Captum is the official PyTorch interpretability library from Meta. Its IntegratedGradients class supports batched integration, multiple baselines, and convergence diagnostics. Captum also includes LayerIntegratedGradients for attributing to intermediate layer activations. [25]
TensorFlow Saliency library (Google's PAIR team) provides a NumPy-based implementation that interoperates with TensorFlow models. It also includes XRAI, Blur IG, and Guided IG. [26]
Alibi is a Python library focused on machine learning explanation, with IntegratedGradients built on top of TensorFlow and Keras. [27]
SHAP library includes a GradientExplainer class that approximates IG by averaging gradients along a path between input and a sampled baseline from a background dataset. It is similar to Expected Gradients in spirit. [6]
InterpretML (Microsoft) wraps several interpretability methods including IG-like approaches. [28]

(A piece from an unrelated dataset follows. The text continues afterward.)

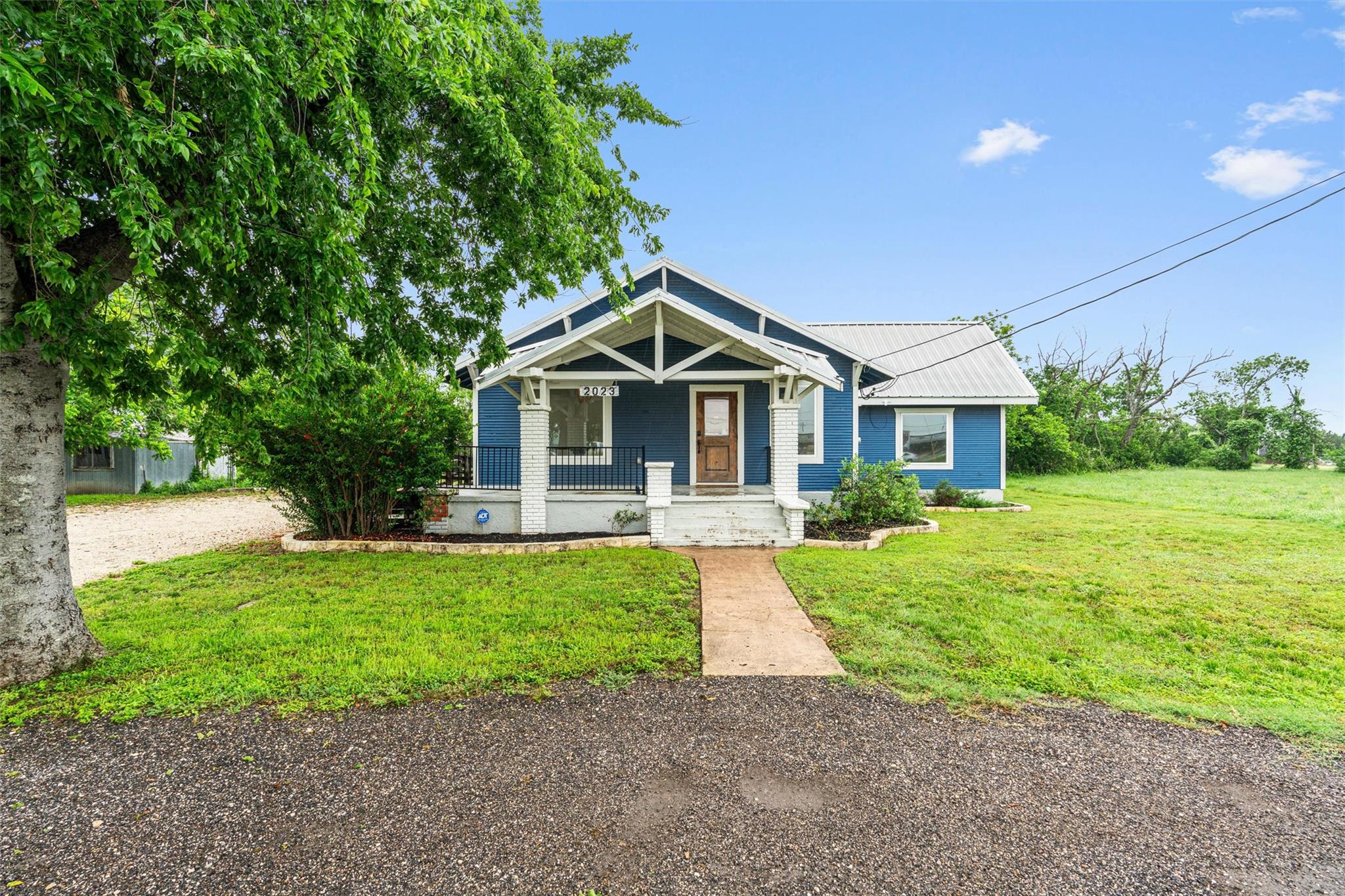 2023 Main, Liberty Hill, TX 78642 — photo 1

All implementations share the same algorithm: take an input and a baseline, generate m interpolated inputs along the linear path, compute gradients at each, and combine them via a Riemann sum scaled by (x - x'). Differences arise in batching, layer-level attribution, and convergence diagnostics. For large transformers, layer-level IG is often more useful than input-level IG because token IDs have no natural baseline. Layer IG attributes to embedding outputs or attention activations, which admit natural zero baselines.